CONFESSIONAL writing is a tricky thing to pull off. No matter how articulately crafted, the outpouring of a tormented consciousness can still leave a reader cold - particularly if the author/confessor is not able to inspire within the reader some identification with, or sharing in, the search for redemption and revelation.

Raisa Orlova, a Russian intellectual now living in West Germany, runs smack into this problem in her book ''Memoirs.'' A once blindly enthusiastic Communist who resigned her party membership in 1980 - and was then stripped of her Soviet citizenship - Orlova is a woman who has struggled through an increasingly profound crisis of conscience for more than 20 years, asking herself, as she says in the book's introduction, ''What did you believe in? How could you have believed in THAT? What do you believe in today?''

These are the questions that propel this writer; her groping for the answers is what propels the book. The problem is that nothing really propels the reader - who is likely to be left feeling like the odd man out. Perhaps a fellow Soviet - maybe one of the many famous dissident writers Orlova knows - would be drawn into these memoirs and into the life of their author, to say, ''Yes, I have lived this struggle, too.'' There may even be Sovietologists who would find the book enlightening. But I can't imagine the average reader staying with ''Memoirs'' for more than a chapter or two.

The problem lies primarily in Orlova's highly personal, introspective observations about life in a society that already is almost a total enigma to most Americans. She offers the reader few, if any, keys for unlocking the Soviet mystery; in fact, she seems to assume that her audience starts out locked in with her. And there you have it, the pitfall of confessional writing.

This lack of access is frustrating. In a lesser writer, it would simply be grounds for indifference. But Orlova is such an obviously talented writer - and a probing thinker - that one quite frankly regrets her inability to share her struggle in more universal terms. As an employee of VOKS, the Soviet agency for international cultural relations, later as an editor of the Russian journal Foreign Literature, and ultimately as a dissident intellectual, Orlova took part in amazing times and companioned with extraordinary people. All too frequently - although perhaps understandably - she filters her world through such an intensely personal lens that the context for her struggles is virtually lost to the reader.

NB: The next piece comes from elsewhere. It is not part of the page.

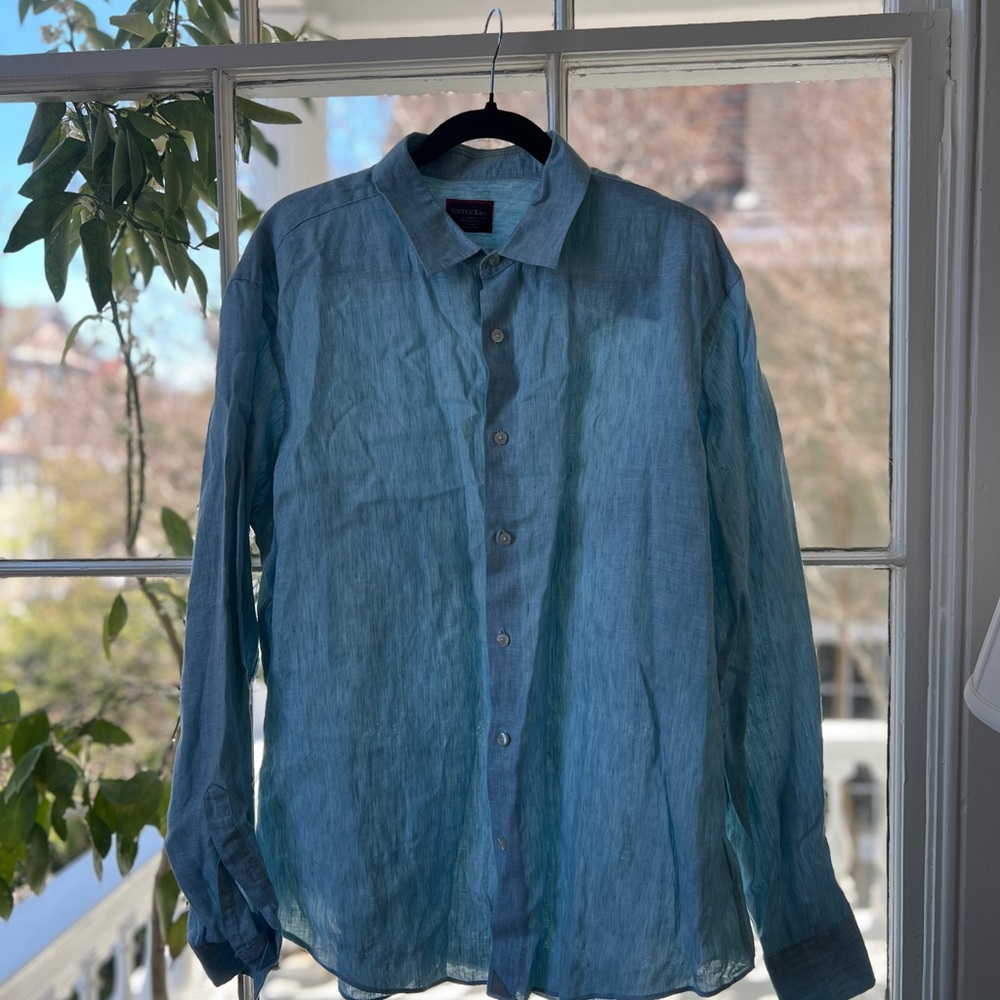 UNTUCKit Wrinkle Resistant 100% Linen Light Blue Franconia Long Sleeve Shirt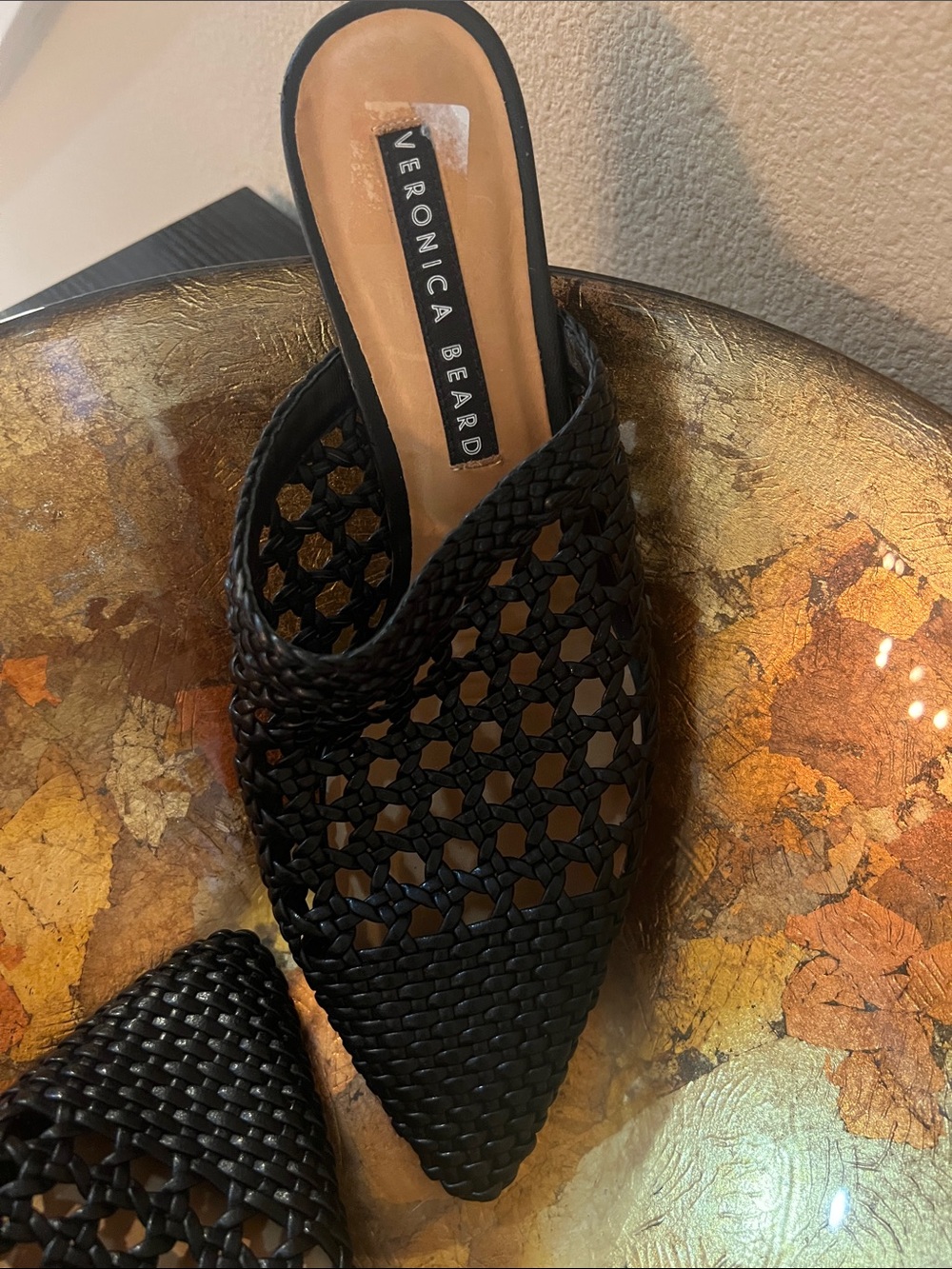 Veronica Beard Black Woven Pointed Slip-On Mule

There are a few notable exceptions, particularly her brief but moving sketches of Alexander Yashin, the poet, and Andrei Sakharov, the exiled scientist.

Perhaps it should not be too surprising that this book is so highly individualistic. After all, what Orlova is sorting through is the years she spent believing in the supremacy of the party, in the rightness of the collective. Perhaps it's only natural, then, that she now writes from the opposite extreme. Still, one hopes that her struggle will eventually lead her to a calmer ground - so that when she writes again, her individual search may help to inspire the broader ranks of all those who seek redemption from enslaving modes of thought.